WOW, you have got to be the worlds best little fisherman! HOW IMPRESSIVE, and on a single barb no less. You truly are AMAZING. We all can only hope that one day we are as cool as you! :roll: :shock:


----------



## UintaMan

Notice how the little boy slams one of the coolest dudes on here and then is not even man enough to come back on here and face the heat because of his IDIOTIC words. Either that or he possibly realized how much of a dumb azz he was and now is to embarrassed to come back on here. I for one hope he never posts again, I can only take so much crap that comes out of some these dumb azzes pie holes! And anyone else who agreed with this dumb azz can kiss it as well! :roll:


----------



## BrownTownUtah

Ha , it's getting good.


----------



## martymcfly73

I don't have a problem with rapalahunter or anyone else using lures on the river. What's the difference when we as fly fisherman use a dropper, or dare I say it here....use the "bounce" rig :shock: . We shouldn't call him out, it's not like he's using power bait. It's not like he's fishing at Vivian or anything. -BaHa!- 

Sorry RH, I don't think you'll ever live that one down. You're a good dude.


----------



## cheech

Brown just has an opinion. That's it! Others have opinions but it doesn't mean we need to get bent all out of shape about it. I seriously doubt RH is going to stop fishing trebles, and until the DWR sees it as a bad thing, it's perfectly fine. BrownStainUtah is most likely just trying to be a bit of a troll and get some people all riled up. It looks like he succeeded.


----------



## NiceShot

Nice.....


----------



## BrownTownUtah

Cheech.. is right..


----------



## FROGGER

BrownTownUtah said:


> RapalaHunter, Why not be a sportsman and replace those treble hooks with single hook barbless..?

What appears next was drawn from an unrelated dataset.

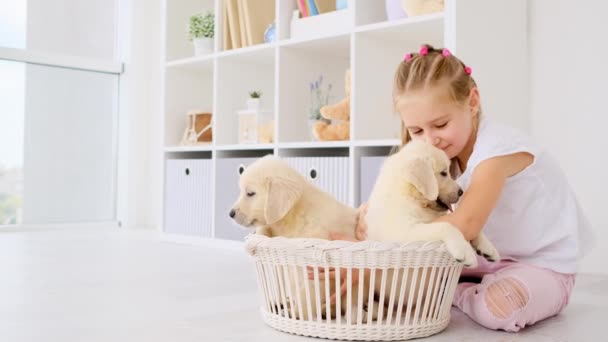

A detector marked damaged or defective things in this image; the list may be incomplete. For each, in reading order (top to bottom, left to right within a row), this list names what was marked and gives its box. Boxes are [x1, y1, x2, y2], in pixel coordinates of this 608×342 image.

pink ripped pant [452, 256, 576, 332]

This is not just an opinion, you are stating he is not a sportsman because of the bait he uses.


----------



## cheech

FROGGER said:


> BrownTownUtah said:
> 
> 
> 
> RapalaHunter, Why not be a sportsman and replace those treble hooks with single hook barbless..?
> 
> 
> 
> This is not just an opinion, you are stating he is not a sportsman because of the bait he uses.
Click to expand...

Very true, I missed that.

This reminds me of the elitist A-hole fly fisherman discussions that I have heard...

"If you _____ you really aren't fly fishing."

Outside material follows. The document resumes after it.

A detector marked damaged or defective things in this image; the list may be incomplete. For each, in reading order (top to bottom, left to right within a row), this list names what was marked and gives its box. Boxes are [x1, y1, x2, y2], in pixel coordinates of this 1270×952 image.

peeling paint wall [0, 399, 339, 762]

The words that can be put into the blanks are:

Nymph
Use a strike indicator
Don't use a $600 rod
Fish a bead head
Fish with synthetic materials on your flies
Get banned from UOTF

I think it boils down to rules. Rules are for church, work, etc. The DWR sets the rules about law, and beside that, why make more rules? If I say "I'll never use anything but a fly rod" am I limiting my fishing experience? Maybe.

Brown was making his own rules (that if you fish with treble hooks you are not a sportsman) which is fine. FOR HIM! If you make rules and restrictions about the way YOU like to enjoy the outdoors, fine. Just don't try to impose your lame self aggrandizing rules upon the people who just like to feel a tug on the end of their line...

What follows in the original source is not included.